Ralph Becket rafe at csse.unimelb.edu.au
Tue Jul 11 15:46:35 AEST 2006


Here's my two worms' worth:

I've always assumed that the IO state corresponded to a representation
of part of the world, including parts of the state of the computer
running the computation.

When an IO operation is invoked, the universe gets to manipulate the IO
state just before and just after the IO operation is carried out.

That is, when I write

	io.print(..., !IO),

what really happens is

	universe_gets_a_turn(!IO),
	io.print(..., !IO),
	universe_gets_a_turn(!IO),

What the universe does, however, is cc_multi (i.e., for any IO state
there are many possible successor IO states, but we only get one of
them and we can't backtrack.)

Under that interpretation, IO operations should be cc_multi.

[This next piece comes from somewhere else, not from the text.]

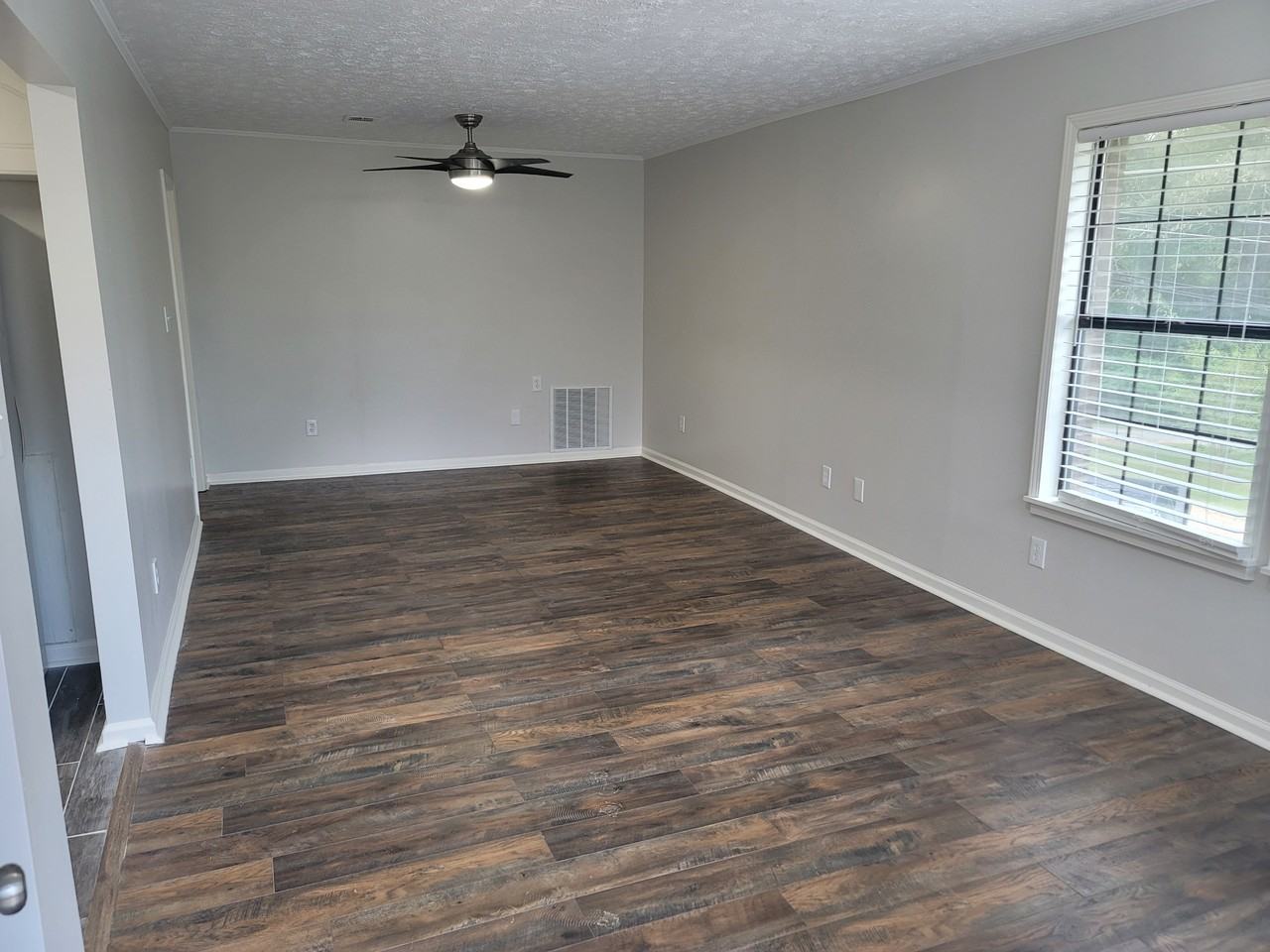 28 Walnut Ln #C - Photo 2 of 28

However, there is a strong pragmatic argument that allows us to mark IO
operations to be det, namely that it allows us to distinguish between
the cc-ness of our program vs the cc-ness of the universe.

(As far as I'm aware, (di/uo + det) and (cc_multi) both place identical
constraints on my code.)

Is there a problem with this view (i.e., IO is really cc_multi, but we
actually lose something if we don't pretend it's det)?